26 January 2011

Looking Back, Looking Ahead

This was the weekly email to our students in LCM this week.  The Quadrennial Review process is something I'd love to see required of all ELCA churches, and I wish I'd known how to do it at the congregation I served prior to this call.  Anyone care to share review procedures at their own congregations?  

Our LCM Board spent Saturday morning and afternoon beginning the Quadrennial Review process for our campus ministry.  Every four years, each campus ministry in the ELCA goes through a review process where we look at the previous four years, evaluate what's gone well and what hasn't, look at our context to see if we have a good view of the environment to which we are called, and (I might say, most importantly) identify a few strategic goals for the next four years. 



A SWOT Grid at our Review Session Saturday.
I was called here just after the previous Quadrennial Review, so this is my first time through the process as a campus pastor.  Frankly, it's intimidating.  We sat and worked through twelve different aspects of campus ministry Saturday morning, and after a while all you can see are the failures:  opportunities missed or squandered, important ministry checkpoints forgotten or unfulfilled, places where I as a pastor or we as a ministry could have made a difference but didn't.  We've done some good work in the past four years, things of which we (and God) should be proud - but that old sinner in me just kept leaping up and pointing out the stuff that could have been done better.

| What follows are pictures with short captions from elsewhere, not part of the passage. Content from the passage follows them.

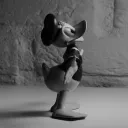 Donald Duck voice (James)'s server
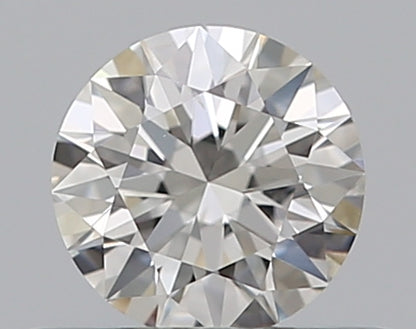 0.30CT ROUND SI1 G WH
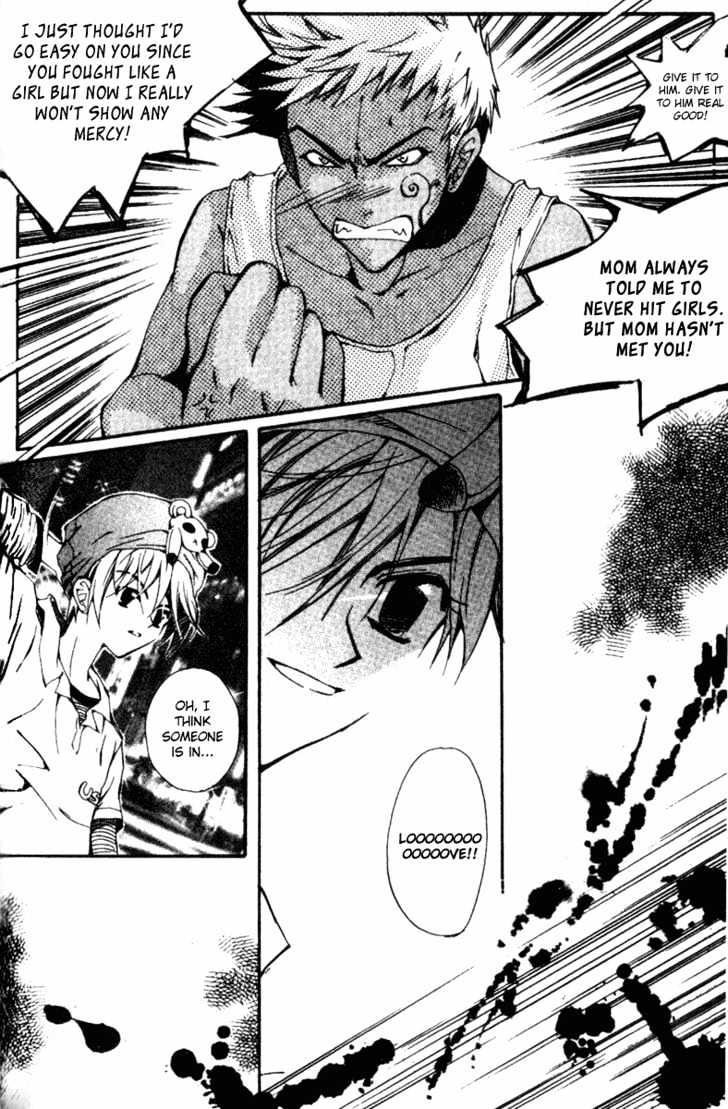 Kill Me Kiss Me Chapter 1.4 page 22 - Vol.01 Chapter 4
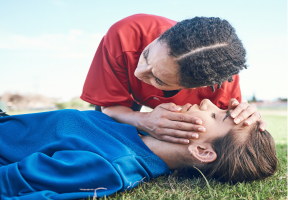 Child Care First Aid Course Near Me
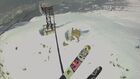 Red Bull - Cable Car Speed Ride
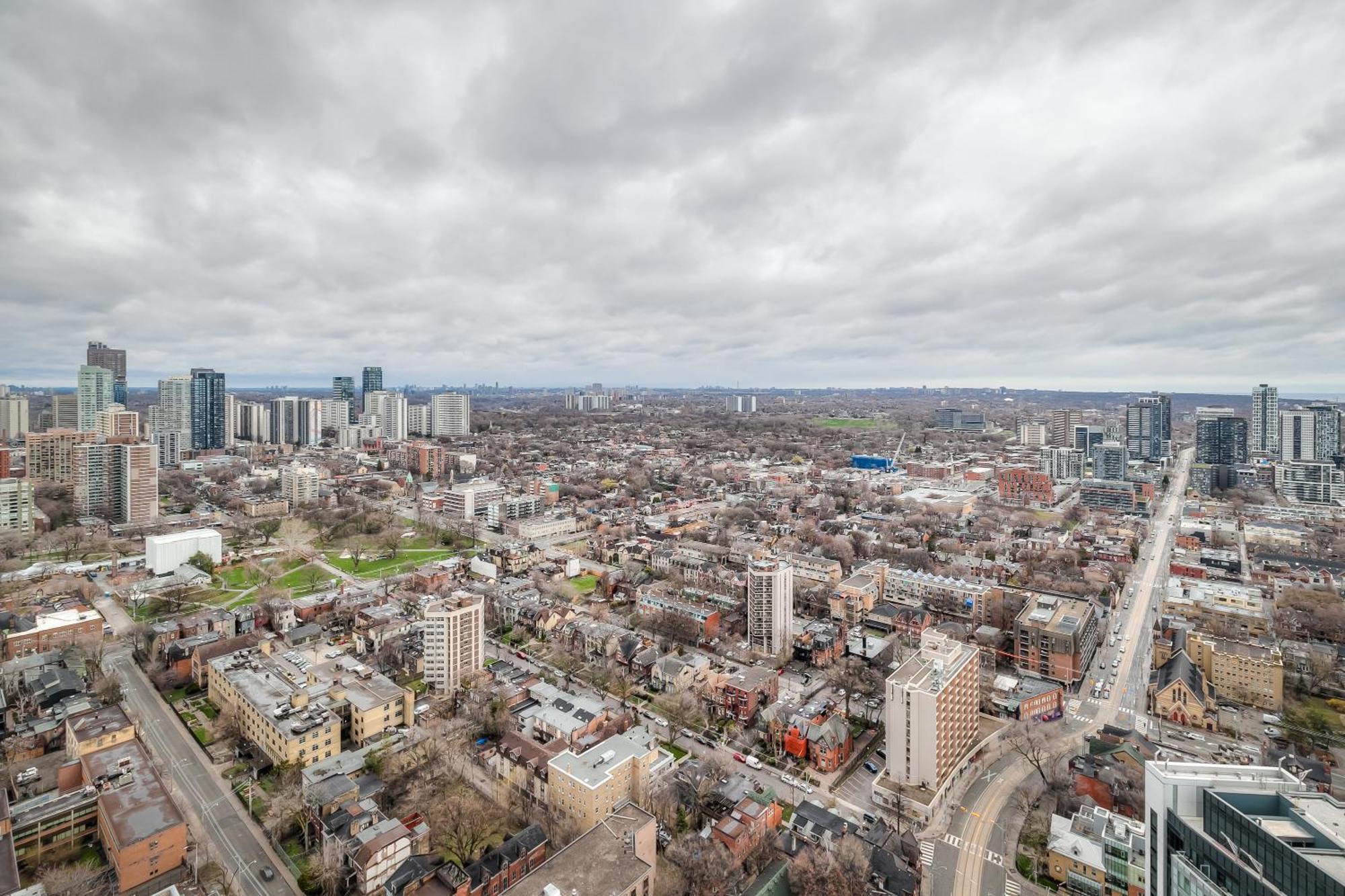 Panorama Suites Downtown Toronto Kültér fotó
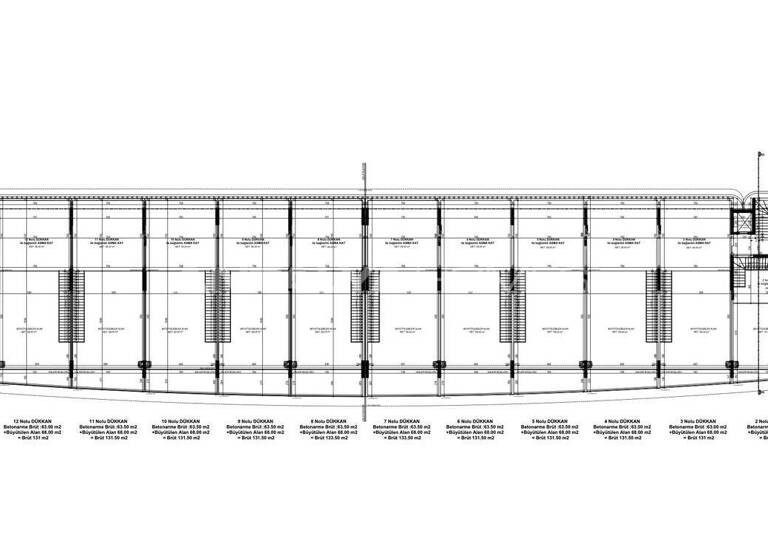 Ladenfläche zum Kauf 780.000 € 3 Zimmer 275 m² Verkaufsfläche Antalya 07122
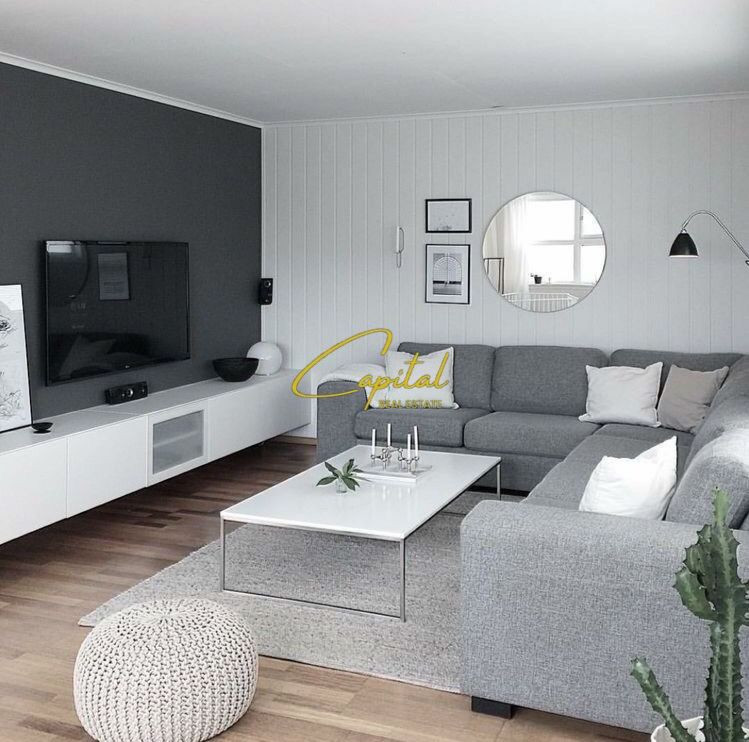Apartament me qira 1+1 komuna e parisit 60.000 leke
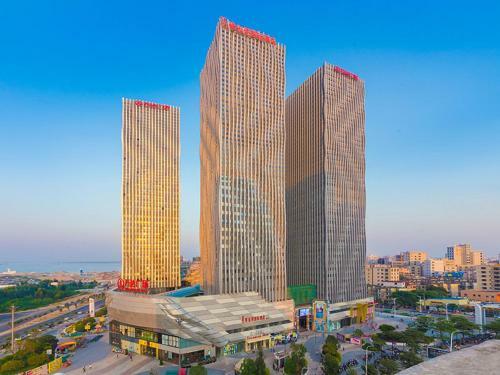 Vienna International Hotel (Zhanjiang Wanda Plaza)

Even with the intimidation factor, I love this process and what it can do for our campus ministry.  I can tell you that this is not required for most congregations in the ELCA, and I think it should be.  We are called to more than just surviving in the name of Jesus.  We are called to look critically at ourselves and the environment in which we live and breathe and work and play, to review what's been accomplished, or not, and dream about what God might be up to in years to come and how God might do those things through us.  Survival mentalities lead to minimalist thinking - we look for what we must do for the sake of being here tomorrow instead of what we might do for the sake of God's promised future.  As a pastor in a congregation, I never developed a means by which I could lead a congregation through this kind of review process, a failing for which I hope my former congregation will forgive me.  Now, in campus ministry, it's going to happen whether I like it or not (and, once more, for the record, I DO like it).  The Quadrennial Review process will be a great gift to us as a campus ministry, and, frankly, to me as a pastor.  I'm looking forward to it, and I hope you are too.

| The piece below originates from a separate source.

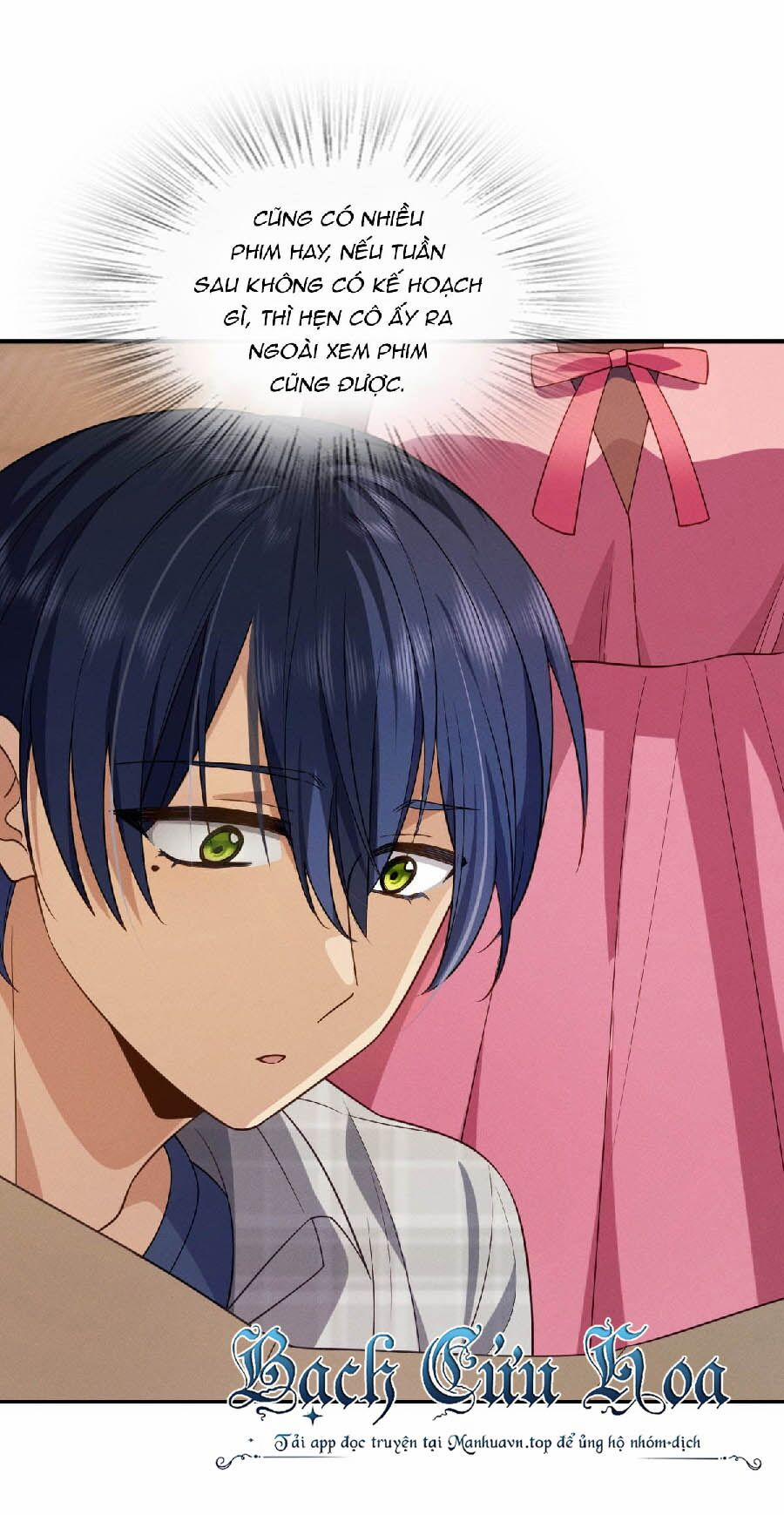 Vợ Ơi, Xin Hãy Ngoan Ngoãn Nhé 4 trang 24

Looking back and looking ahead can help us to see what's right in front of us today, here and now, and where God might be leading us at this moment.  We will need your input as members of the Lutheran Campus Ministry community.  In weeks to come we'll gather to work through review documents on Sunday nights, and on March 30-31 the Review team will be in Ames to talk with us, worship with us, learn about ISU and how we're a part of the community, and help us look at our ministry with an outsider's perspective.  I hope you'll make time to be a part of the Quadrennial Review process for LCM-ISU; your input and your reflection will provide a unique perspective on God's mission for Lutheran Campus Ministry at ISU, and we need as wide a perspective as we can gather.  See you at the Center.